I guess my Spanish is coming along, how about that. The milestone I passed is that of getting comfortable enough to come up with off-the-cuff remarks that approximate my sense of humor and attitude in English.
Today I described some people who “echar la locura.” This is not a phrase I have heard before. As far as I am concerned I made this up, although searching variations of it gave me about 150 Google results.
Google translates the phrase as “casting madness.” Echar is used more colloquially than casting though. It’s got a variety of senses, but the basic idea is metaphorical “tossing,” or “casually throwing around.” You echar chelas (throw back some beers), echarle el ojo (check someone out: “throw him the eye”), echar una mano (lend a hand).
So the phrase I used, “echar la locura,” literally means “tossing the craziness.” But in wider use, to me at least, it meant something along the lines of what I would probably express in English as “bringing the crazy.” …Bringing the motherfuckin ruckus, if you will.
Wu-tang, if you are reading this, “traiga el pinche puto ruido” would be a common English-to-Spanish translation of “bring the muthafuckin ruckus.”
I think I’ve mentioned this before, but my goal isn’t exactly to think in Spanish. It’s okay if I can sound like I do, but I prefer the idea of thinking in Spanglish. Because of making shit like this up mainly; it’s fun.

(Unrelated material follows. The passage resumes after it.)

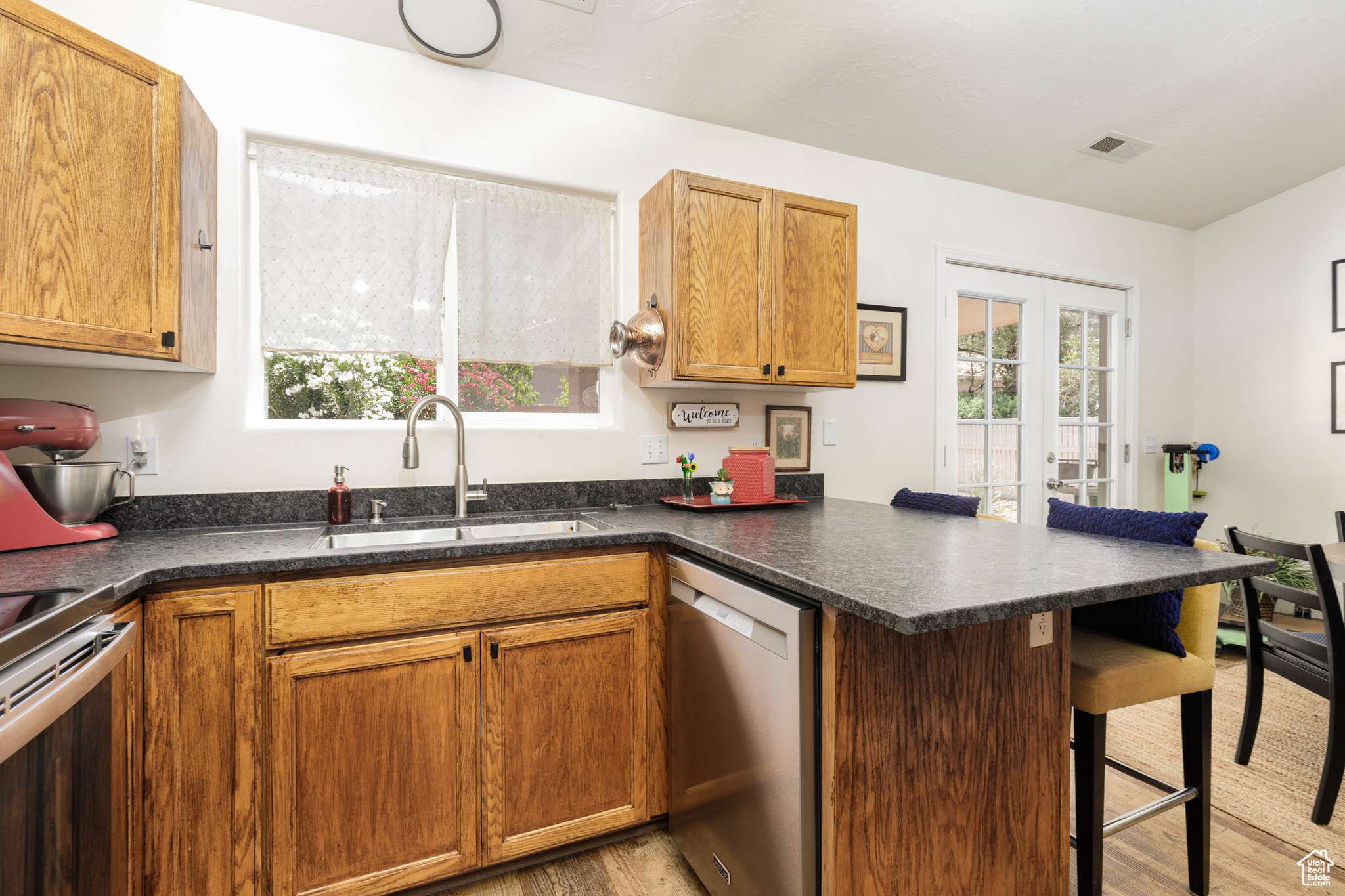 Hurricane, UT 84737,2403 S 725 W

“Tirar una fiesta” is another good one, though that’s a direct translation of a common English phrase (throw a party). The phrase doesn’t exist that way in Spanish, but we intentionally leave it in English thought for effect. The point is that people understand it, and, I believe, appreciate it. Indeed, I have heard it among native Spanish speakers who spend a lot of time around English.